I now have to admit I was, essentially, lying to myself. And it continued to unravel around the issue of language. Our children are taught through the medium of Welsh, and I’m in the process of learning it as a second language. However, English is the main language of the home, and with my daughter having a two-year head start on her brother her Welsh is far more advanced.
They love visiting grandparents, and are understandably reluctant to leave. To aid the process, I appeal to my daughter’s competitive nature by asking if she wants to win a fictional race to the car against her brother. It’s an effective way of getting her to move. However, now he’s a bit older, it’s also an effective way of getting him to scream blue murder at the prospect of losing to his sister.
But if he doesn’t know about the race, he’ll happily follow her. So when I ask her, in Welsh, ‘pwy sy’n mynd i ennill?’ she shouts, ‘fi!’, and everyone is happy. Except for the little nag in the back of my mind that tells me it’s a deception akin to a lie. When their mam picked up on what I was doing, she took a little too much pleasure in calling me out on my hypocrisy.

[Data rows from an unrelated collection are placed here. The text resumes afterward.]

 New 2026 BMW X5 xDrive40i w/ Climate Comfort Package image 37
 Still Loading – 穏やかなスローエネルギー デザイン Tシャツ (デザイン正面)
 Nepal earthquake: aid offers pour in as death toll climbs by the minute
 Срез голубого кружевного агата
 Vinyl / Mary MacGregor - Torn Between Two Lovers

But my moral experiment really came undone over the issue of Friday mornings. When my daughter started school, she seemed to think that me and her brother simply sat in the car all day waiting for her. It would have broken her heart to think we were playing at home, going to the shops, or worse — visiting Mamgu — so I never corrected her. A lie by omission, perhaps, but she never asked directly so it was easy not to count it.

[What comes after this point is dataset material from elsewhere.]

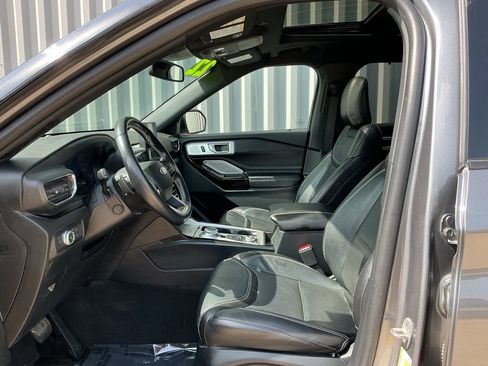 Used 2022 Ford Explorer ST w/ Equipment Group 401A AWD/4WD image 9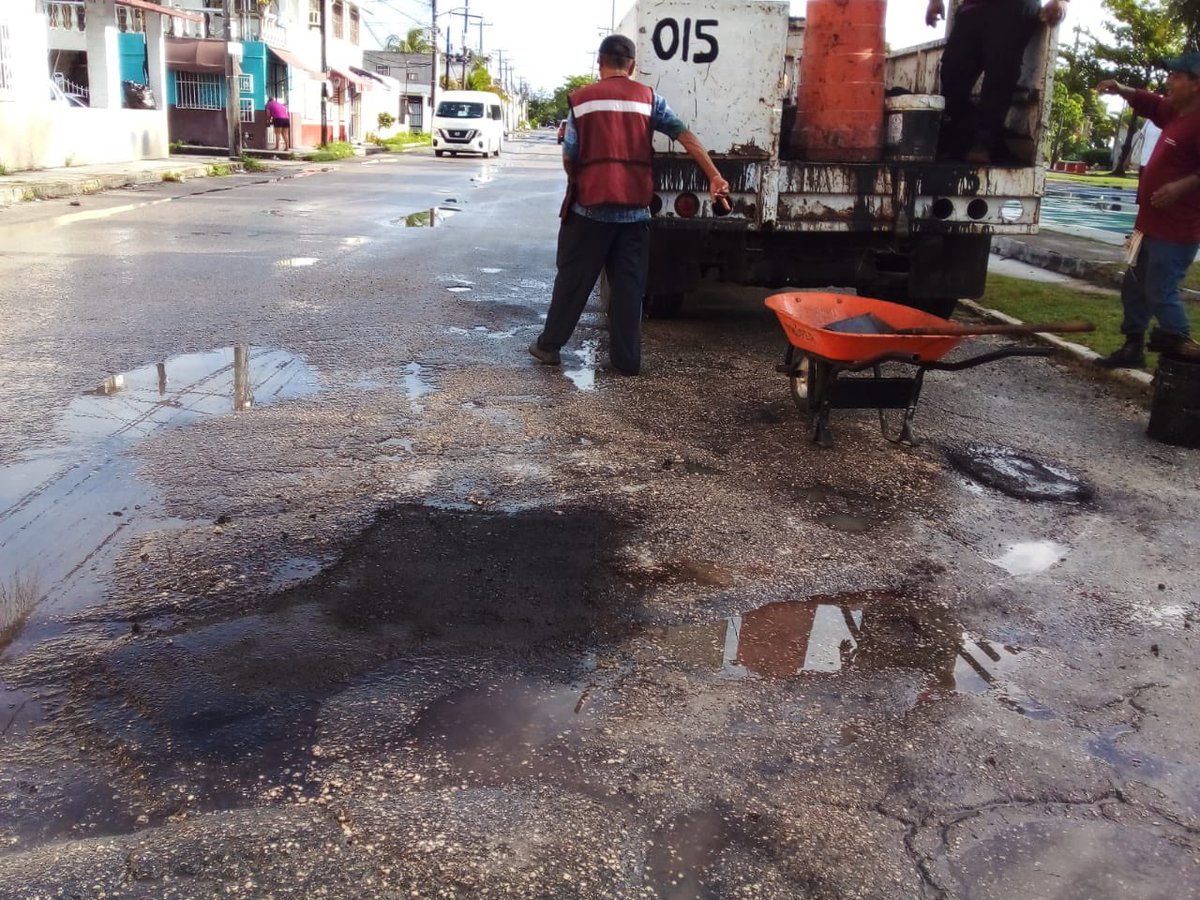 AytoCancun's tweet photo. Este domingo nuestro equipo de la Dirección General de Servicios Públicos, continúan trabajando en diferentes zonas de la ciudad.
📍Bacheo en la #SM74 Av. Revolución Mexicana con calle 28.
#ReportaYAporta vía WhatsApp 📲9988448035.
@anapatyp
#CancúnNosUne https://t.co/7TDvWgGDgs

However, when her brother started school I got her to help in the preparation. Her mornings were now about looking after him, and his being in school was a big deal for both of them. He enjoys being there, but not going, so every morning when we’re getting him ready I hear, ‘we’re not going to my school today’, confidently asserted. I tell him we are, and his sister reassures him that’s a good thing. On Fridays, however, his assertion is correct.
If I tell him he’s right in front of her, she’ll know she’s missing out. If I don’t tell him, we might endure an unnecessary tantrum, so I do so secretly in a different room. It’s a dubious practice, but mornings are rushed and it works. Except three-year-olds are repetitive, and he announces it again five seconds later. I run around, flustered as a I try to convincingly change the subject while watching my self-image as a beacon of honesty crumble around me. I tell him he’s right, while looking at her and cynically shaking my head: I’m a liar.

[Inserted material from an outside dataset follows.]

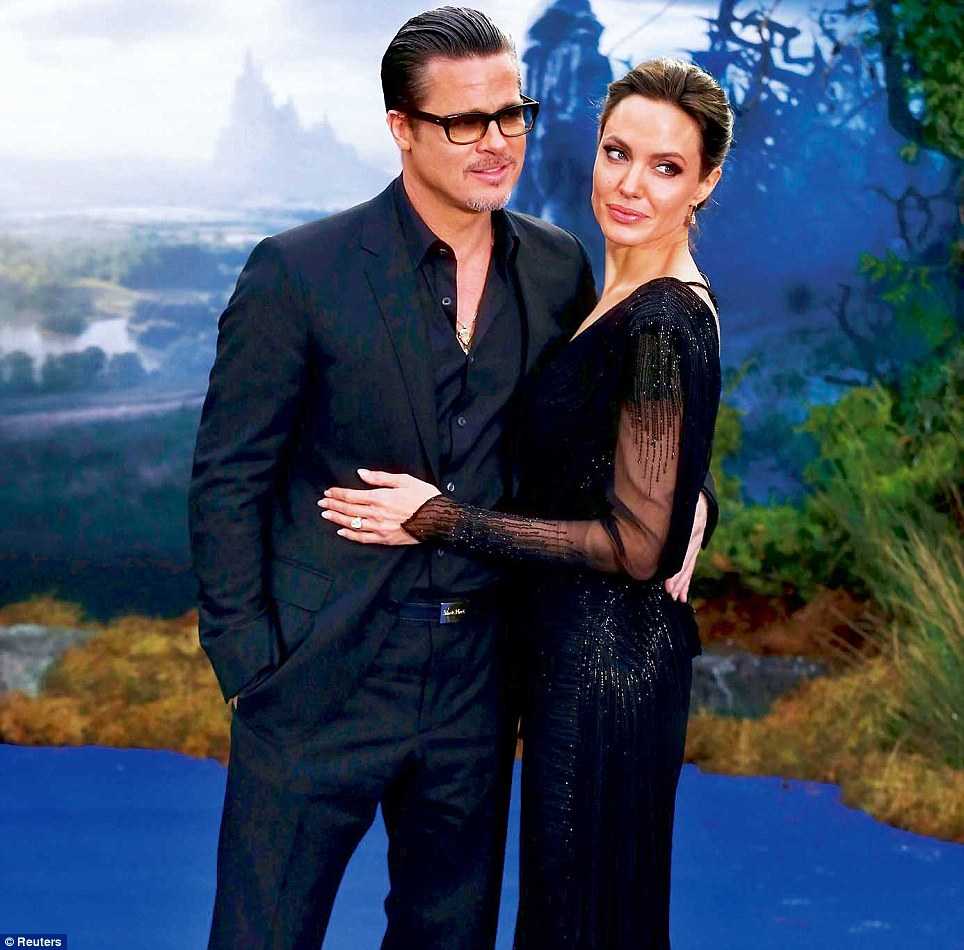 Первые официальные фотографии со свадьбы Анджелины Джоли и Брэда Питта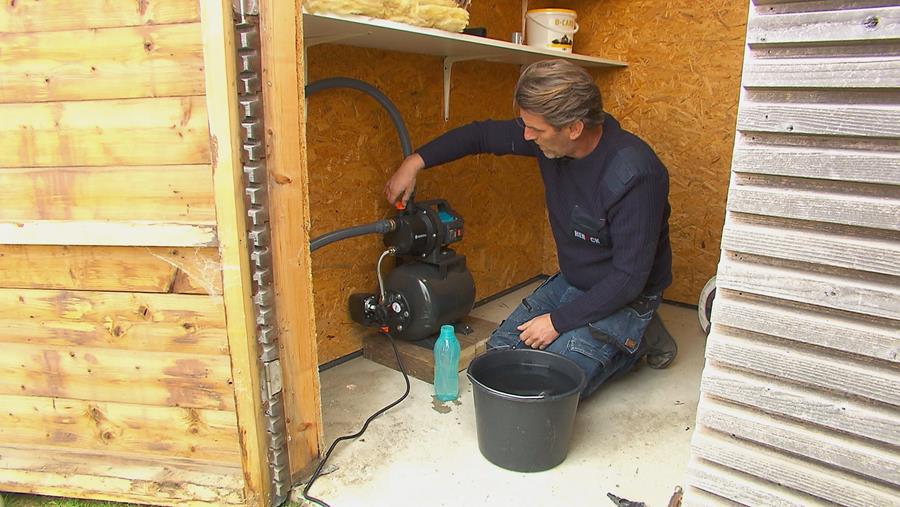 Zo sluit je een hydrofoorpomp aan op een buitenkraan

For a little while I embraced it. I discovered the pleasure of ‘finding’ things behind my son’s ears, his joy not tainted by the fact he really thought I’d found the coin, or toy, or satsuma stuck behind his lobe. Any object he lost could be discovered among the wax by dad! It was refreshing and I felt as if a restraint had been lifted — until he lost something I genuinely couldn’t find. He’d ask, then demand, that I retrieve it from behind his ear. And when I couldn’t, an absolutely earth-shattering meltdown commenced. I remembered why lying was bad.
From now on, like most people, I’m trying to walk the line of common sense. This Christmas they went to see Santa. I didn’t get to go along, but afterwards I let my daughter confidently tell me it was the real Father Christmas. I avoided a direct lie (after all, I wasn’t there so couldn’t be certain), but I made sure she thought I believed her, absolutely. I’m not in denial anymore — there are clearly times when the truth isn’t what a child needs to hear, and they won’t always be as trivial as these examples. Occasionally, it turns out, I’m a liar, and I’ve learned to be okay with that.